El cáncer silencioso que corroe esta tierra

CARBALLO

11 mar 2018 . Actualizado a las 05:00 h.

«Todos tenemos una calle en la que duermen los días más hermosos», escribe con añoranza Maxi Olariaga en una página de este periódico. Sin embargo, muchas de esas calles que decenios atrás rebosaban de risas, idas y venidas y algarabía en general, están como jubiladas. Absortas en su confusión, entre la soledad y los ruidos de los autos. Cada vez tienen menos gente que las pasee. Solas, con carteles de se vende o se alquila, cuando no de casas con verdín que atesoran mucha historia, pero nula actividad, como si a los tiempos idos hubiese que pasarle página porque la gente de allí se ha ido y no hay ni ha venido otra nueva que la llene de vida. Será la caída demográfica, ese cáncer silencioso que corroe nuestra tierra. O la falta de oportunidades. La pescadilla que se muerde la cola. Si no hay gente, las oportunidades tampoco tienen sentido. O están ocultas de tal manera que no se pueden o quieran ver. El hecho es que los números nos matan. Caen sobre esta comarca como una maldición. Nos cortan la respiración. Como si una fuerza inexplicable expulsara a los hijos de este solpor que todos quieren conquistar. Esa vida que te zarandea y te lleva como una hoja seca de otoño de un lugar a otro sin que muchos de nuestros jóvenes y ya no tan jóvenes puedan tener asiento en alguna parte, como marionetas de un mundo cruel que la única oportunidad que da es la de respirar y a duras penas. Sin poder echar el musgo que te vincule a un lugar de vida, como le suele ocurrir a la piedra movediza, que jamás arraiga en ninguna parte y es de ningún sitio. Por eso todos andan a patadas con ella cada vez que se la encuentran.

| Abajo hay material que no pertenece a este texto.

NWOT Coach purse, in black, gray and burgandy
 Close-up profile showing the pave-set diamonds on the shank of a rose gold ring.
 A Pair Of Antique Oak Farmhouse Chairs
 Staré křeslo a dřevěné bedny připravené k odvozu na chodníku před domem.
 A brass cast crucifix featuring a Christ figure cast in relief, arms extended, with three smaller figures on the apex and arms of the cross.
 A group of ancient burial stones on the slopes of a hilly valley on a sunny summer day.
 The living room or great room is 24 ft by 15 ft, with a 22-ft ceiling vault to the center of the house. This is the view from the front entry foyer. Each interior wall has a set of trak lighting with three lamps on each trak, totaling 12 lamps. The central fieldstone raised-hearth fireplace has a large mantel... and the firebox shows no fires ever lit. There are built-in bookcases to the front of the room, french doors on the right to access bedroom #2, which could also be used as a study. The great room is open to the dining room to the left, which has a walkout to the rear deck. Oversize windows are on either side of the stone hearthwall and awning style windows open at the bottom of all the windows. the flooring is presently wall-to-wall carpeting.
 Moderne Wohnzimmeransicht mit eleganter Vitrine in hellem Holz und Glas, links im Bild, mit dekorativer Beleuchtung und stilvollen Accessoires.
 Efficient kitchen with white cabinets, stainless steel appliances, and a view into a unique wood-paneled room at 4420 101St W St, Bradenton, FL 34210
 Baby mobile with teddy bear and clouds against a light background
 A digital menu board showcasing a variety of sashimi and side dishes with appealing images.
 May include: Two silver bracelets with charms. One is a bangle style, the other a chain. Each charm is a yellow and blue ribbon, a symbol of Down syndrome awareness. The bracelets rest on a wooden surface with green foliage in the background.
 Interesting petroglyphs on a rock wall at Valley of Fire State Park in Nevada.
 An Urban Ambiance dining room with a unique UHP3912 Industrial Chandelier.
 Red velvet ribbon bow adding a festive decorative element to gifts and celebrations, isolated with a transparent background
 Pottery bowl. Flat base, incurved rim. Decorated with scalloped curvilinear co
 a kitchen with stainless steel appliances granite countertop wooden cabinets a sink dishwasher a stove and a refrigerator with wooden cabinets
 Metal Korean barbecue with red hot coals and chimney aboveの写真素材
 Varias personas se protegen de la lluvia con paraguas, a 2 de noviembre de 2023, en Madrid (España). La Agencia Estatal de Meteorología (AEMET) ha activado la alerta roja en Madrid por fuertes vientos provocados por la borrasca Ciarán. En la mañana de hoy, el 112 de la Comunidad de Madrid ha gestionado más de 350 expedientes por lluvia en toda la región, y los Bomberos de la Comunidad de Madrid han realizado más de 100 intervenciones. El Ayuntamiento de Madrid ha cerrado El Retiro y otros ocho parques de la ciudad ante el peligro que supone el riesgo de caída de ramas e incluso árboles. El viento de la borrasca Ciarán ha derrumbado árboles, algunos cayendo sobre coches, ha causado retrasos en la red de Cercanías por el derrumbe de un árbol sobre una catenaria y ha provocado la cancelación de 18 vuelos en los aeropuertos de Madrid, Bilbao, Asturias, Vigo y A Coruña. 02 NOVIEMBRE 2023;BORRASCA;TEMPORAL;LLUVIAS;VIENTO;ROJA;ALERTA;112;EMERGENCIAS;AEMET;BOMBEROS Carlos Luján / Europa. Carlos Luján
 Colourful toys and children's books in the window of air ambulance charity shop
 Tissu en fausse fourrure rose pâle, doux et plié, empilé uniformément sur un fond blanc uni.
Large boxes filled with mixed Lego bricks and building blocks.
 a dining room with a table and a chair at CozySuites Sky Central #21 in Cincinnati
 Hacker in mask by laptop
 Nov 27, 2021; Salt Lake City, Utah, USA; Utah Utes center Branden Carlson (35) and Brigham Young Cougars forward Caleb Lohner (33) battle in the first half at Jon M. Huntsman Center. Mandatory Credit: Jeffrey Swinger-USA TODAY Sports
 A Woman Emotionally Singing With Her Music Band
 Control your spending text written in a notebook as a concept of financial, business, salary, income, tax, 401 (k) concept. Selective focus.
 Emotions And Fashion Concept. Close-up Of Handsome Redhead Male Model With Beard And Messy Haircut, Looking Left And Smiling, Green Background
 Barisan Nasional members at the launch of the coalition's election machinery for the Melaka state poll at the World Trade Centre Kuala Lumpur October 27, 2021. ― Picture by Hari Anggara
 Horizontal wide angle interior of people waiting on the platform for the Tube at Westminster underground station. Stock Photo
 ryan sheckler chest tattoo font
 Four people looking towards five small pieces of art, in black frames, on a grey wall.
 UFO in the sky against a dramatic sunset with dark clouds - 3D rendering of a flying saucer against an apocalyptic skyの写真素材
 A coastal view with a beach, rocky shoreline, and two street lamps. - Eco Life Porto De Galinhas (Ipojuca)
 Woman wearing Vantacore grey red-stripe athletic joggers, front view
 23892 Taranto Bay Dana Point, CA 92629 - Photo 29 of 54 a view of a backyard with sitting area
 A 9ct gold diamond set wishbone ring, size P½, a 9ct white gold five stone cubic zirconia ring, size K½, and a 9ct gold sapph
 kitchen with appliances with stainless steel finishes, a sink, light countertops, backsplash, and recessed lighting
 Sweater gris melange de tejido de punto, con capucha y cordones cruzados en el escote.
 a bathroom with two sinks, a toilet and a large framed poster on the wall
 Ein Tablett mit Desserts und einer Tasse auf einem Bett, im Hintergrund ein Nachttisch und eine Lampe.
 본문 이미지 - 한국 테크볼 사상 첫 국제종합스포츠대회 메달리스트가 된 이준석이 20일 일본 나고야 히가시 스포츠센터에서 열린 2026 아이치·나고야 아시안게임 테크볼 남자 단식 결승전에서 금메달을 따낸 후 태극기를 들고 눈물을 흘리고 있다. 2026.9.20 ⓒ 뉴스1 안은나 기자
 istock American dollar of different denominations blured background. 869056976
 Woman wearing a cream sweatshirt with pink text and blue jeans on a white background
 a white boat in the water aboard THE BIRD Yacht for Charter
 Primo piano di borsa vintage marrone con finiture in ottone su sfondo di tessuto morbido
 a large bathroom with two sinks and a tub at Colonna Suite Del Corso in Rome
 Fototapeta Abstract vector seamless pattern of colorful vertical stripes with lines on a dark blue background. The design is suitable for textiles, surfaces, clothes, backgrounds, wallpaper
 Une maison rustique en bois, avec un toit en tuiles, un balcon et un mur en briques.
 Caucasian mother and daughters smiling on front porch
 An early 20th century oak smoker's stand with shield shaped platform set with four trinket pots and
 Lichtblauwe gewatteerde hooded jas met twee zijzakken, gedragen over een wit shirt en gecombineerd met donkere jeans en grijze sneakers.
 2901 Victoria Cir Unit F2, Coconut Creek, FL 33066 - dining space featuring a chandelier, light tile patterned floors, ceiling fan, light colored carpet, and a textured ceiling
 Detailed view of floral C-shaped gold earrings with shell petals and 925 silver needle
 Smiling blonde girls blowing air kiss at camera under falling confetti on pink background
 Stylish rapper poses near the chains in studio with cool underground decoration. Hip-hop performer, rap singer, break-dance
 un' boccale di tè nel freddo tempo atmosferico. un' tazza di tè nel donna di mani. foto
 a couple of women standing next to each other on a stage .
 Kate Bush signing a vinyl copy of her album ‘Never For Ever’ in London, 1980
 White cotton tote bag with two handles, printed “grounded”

Alguien debería despertar el alma dormida de esta tierra para hacerla fértil de nuevo, como cuando llenaba sus hórreos, ahora de adorno y atractivo etnográfico. O hacía girar las ruedas de los molinos, actualmente abandonados y muertos, asaltados por la maleza y la destrucción. Triste es el pueblo que no puede darle cobijo a sus hijos. Se queda sin alma. Solo son recuerdos que, tal vez, resurgen un día de verano con la fiesta del patrón y el retorno de alguno al que aún le queda un trozo de raíz que regar. Un rumbo torcido que va directo a los acantilados de la historia si nadie le pone remedio. Y los dirigentes, los gobiernos y sus oposiciones, y los alcaldes, sin darle solución aparente. Más distraídos en cuidar su jardín de votos, cada vez más menguantes. Se les van en comitivas que cada vez discurren con más urgencia hacia los cementerios. Como si a la muerte también hubiese que despacharla con la rapidez del desinterés.